- Data records:
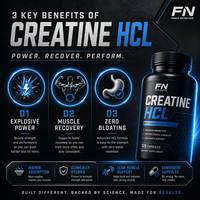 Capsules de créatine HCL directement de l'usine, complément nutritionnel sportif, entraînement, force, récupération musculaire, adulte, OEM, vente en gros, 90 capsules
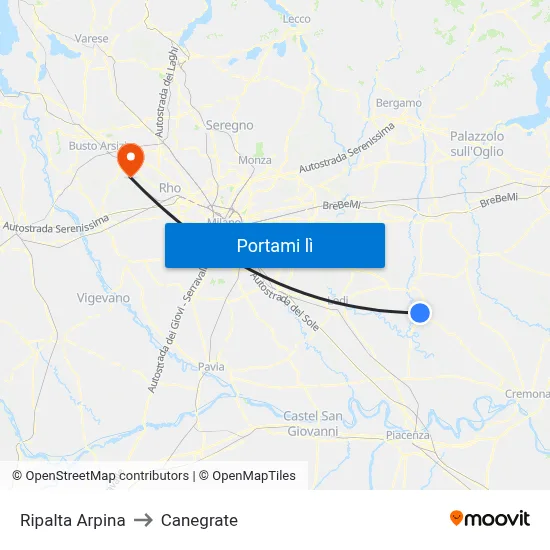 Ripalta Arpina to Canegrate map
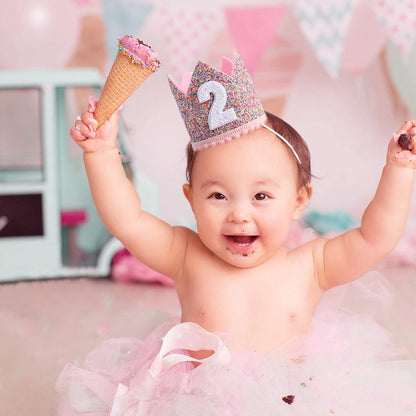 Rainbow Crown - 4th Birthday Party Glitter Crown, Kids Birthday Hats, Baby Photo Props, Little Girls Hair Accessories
* * *
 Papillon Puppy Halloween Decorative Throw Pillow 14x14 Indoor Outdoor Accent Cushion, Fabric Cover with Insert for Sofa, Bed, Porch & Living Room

- The task: Repeat, word for word, the lines of the material above from the one holding "Ripalta Arpina to Canegrate map" through the one holding "Rainbow Crown - 4th". Leave out pictures.

- Reply to the exercise:
 Ripalta Arpina to Canegrate map
 Rainbow Crown - 4th Birthday Party Glitter Crown, Kids Birthday Hats, Baby Photo Props, Little Girls Hair Accessories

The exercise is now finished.